About 40% of Americans will make New Year’s resolutions this year. The problem is not making the resolution, but keeping it. So aim for progress, not perfection.

Research shows that up to 60% of all resolutions fail for one reason or another. But there are steps you can take to help you keep your resolutions. The most important thing to remember when trying to start the new year with a change is that perfection is unattainable. If you set out to set yourself up for a perfect outcome, you may have already failed. Instead, set your sights on progress, not perfection. Setting realistic goals for your New Year is the best way to ensure that you attain those goals that are important enough to you to try to achieve. If, at the end of 2015, you’ve moved the needle in a positive way, you’ll have made progress that you can be proud of.

Here are a few tips to guide you toward resolution success.

•Make your goal attainable. If you want to lose weight, for instance, saying “I’m going to lose 20 pounds,” may be unrealistic.  The body will not always cooperate with our desires. There are many reasons why you may not be able to meet your goal. Instead, create a more realistic goal of “staying on my chosen eating plan.” Research shows that staying on an eating plan — any healthy eating plan — will yield weight loss. The key is consistency, not perfection. Let your body be the judge of how much weight you can lose within a certain time frame.

•Expect to have set-backs. You are human, after all, so you will back-slide.
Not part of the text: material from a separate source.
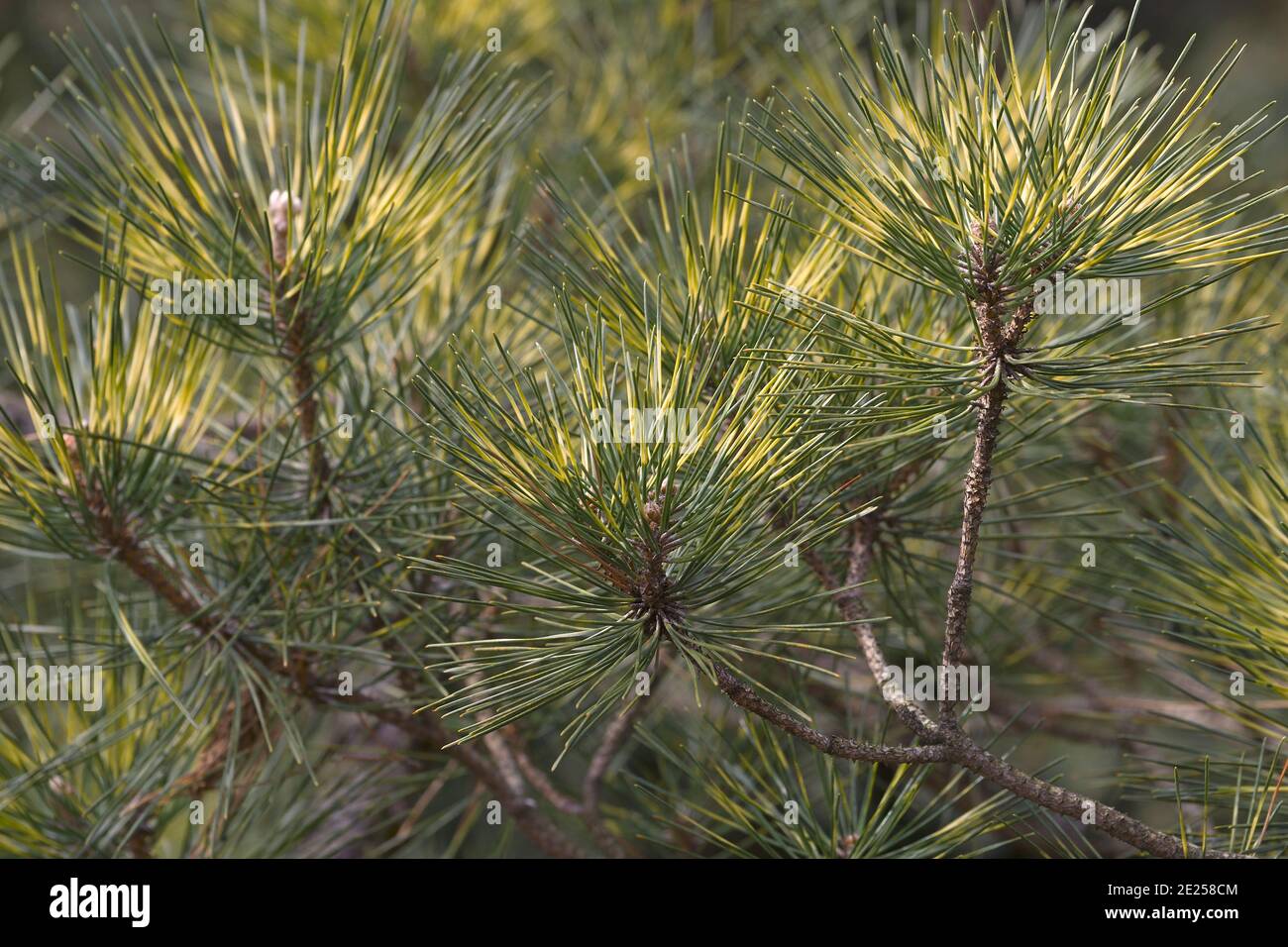 Beni Kujaku japanese pine (Pinus x densi-thunbergii 'Beni Kujaku'). Hybrid between Pinus densiflora and Pinus thunbergii Stock Photo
But if you embrace the idea that what you want is progress, not perfection, you will be able to put your slips into perspective. And that will allow you to pick yourself up and begin again, making it more likely that you will succeed in the long run.

•Accept that change is hard. Face it, it’s easier to eat a cupcake than not, especially if you’re at your favorite nieces 6th birthday party and the cupcakes are your favorite flavor. But research shows that any change that can last just 3 weeks can become permanent. So what you need is balance. Once again, aim for progress, not perfection. As you make your resolutions, make a plan for how you might handle such a situation. Take time to think about how staying on your diet might effect your life. Imagine what you will be giving up to reach your goal, (like food at your niece’s party) and come up with ways to deal with both the feelings the situation will create and the possibility of a slip-up. Having a plan of how you will handle tough situations will make it easier to accept the real consequences of your decision.

Making positive changes is a great way to start the new year. Just make sure you are realistic about your efforts, and aim for moving forward toward your goal. Perfection, as the saying goes, is the enemy of the good. Don’t let the idea of perfection derail your New Year’s resolutions.